Pardillo se enderezó la peluca y sonrió a Pífano con aire triunfal como si hubiera conducido con sus propias manos hasta él la presa tanto tiempo perseguida, pero Pífano, en lugar de prestarle atención, escudriñaba la calle que subía desde la puerta de la ciudad, los ojos tan grises como el cielo e igual de fríos. Resa recordaba muy bien esos ojos. También se acordaba de la sonrisa furtiva que ahora se asomó a sus labios. En la fortaleza de Capricornio, cuando se fijaba una ejecución, había sonreído igual.

Y entonces divisó a Mo.

De repente apareció a la salida de la calle, sobre el caballo negro que el Príncipe le había regalado después de que se viera obligado a abandonar el suyo en el castillo de Umbra. Alrededor de su cuello colgaba la máscara que le había cosido Baptista expresamente, pero ya no la necesitaba para ser Arrendajo. Para entonces el encuadernador de libros y el bandido tenían idéntico rostro.

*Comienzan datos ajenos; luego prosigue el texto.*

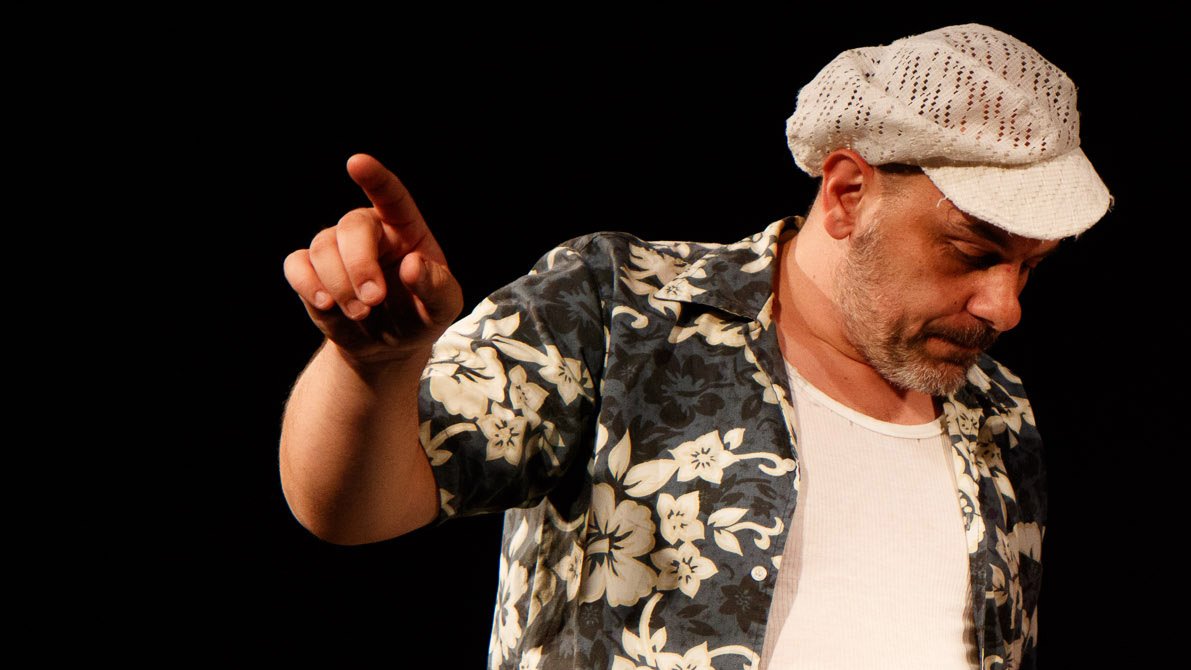 diegogens's tweet image. 2019 "Las Chicas del viento" de Patricia Castro.
Abstinencia de escenario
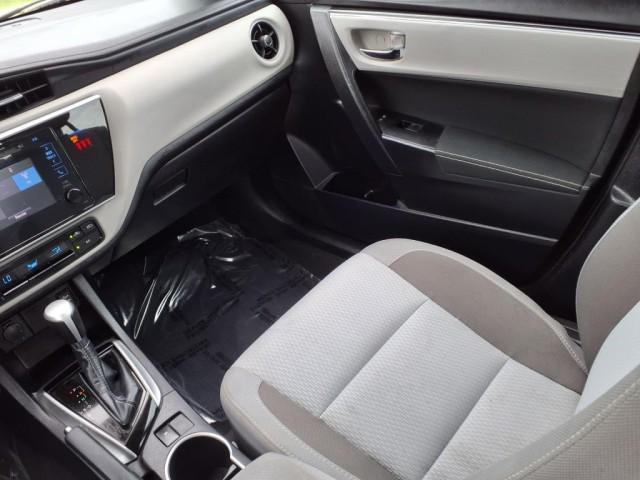 used 2019 Toyota Corolla car, priced at $16,500
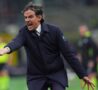 Furia Inzaghi in primo piano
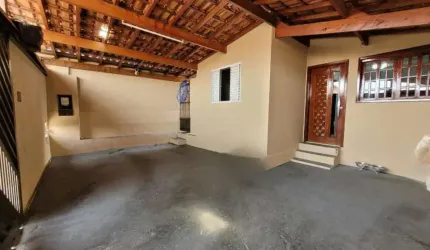 Casa para Venda em Limeira, Jardim Ipanema, 3 dormitórios, 1 suíte, 1 banheiro, 2 vagas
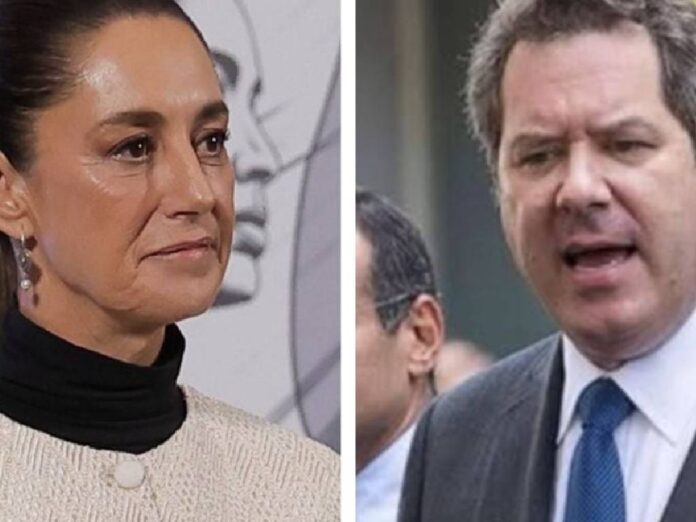 Abogado de Ovidio Guzmán tunde a Sheinbaum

Dedo Polvoriento lo seguía en el caballo que había llevado a Roxana hasta el Castillo de la Noche, a ella y a las palabras salvadoras de Fenoglio. Pero para lo que iba a suceder a continuación no había palabras. ¿O sí? ¿Estaba hecho de palabras el espantoso silencio que lo cubría todo?

«No, Resa», pensó ella. «Esta historia ya no tiene autor. Lo que sucede ahora lo escribe Arrendajo con su carne y con su sangre», y por un momento, cuando él salió de la calle, ni ella misma fue capaz de dar a Mo otro nombre. Arrendajo. Con qué vacilación le hicieron sitio las mujeres, como si de pronto también a ellas les pareciera demasiado elevado el precio que él iba a pagar por sus hijos. Pero al final se formó una calle, de la anchura justa para dejar pasar a los dos jinetes, y a cada golpeteo de las herraduras Resa aferraba convulsamente su vestido con los dedos.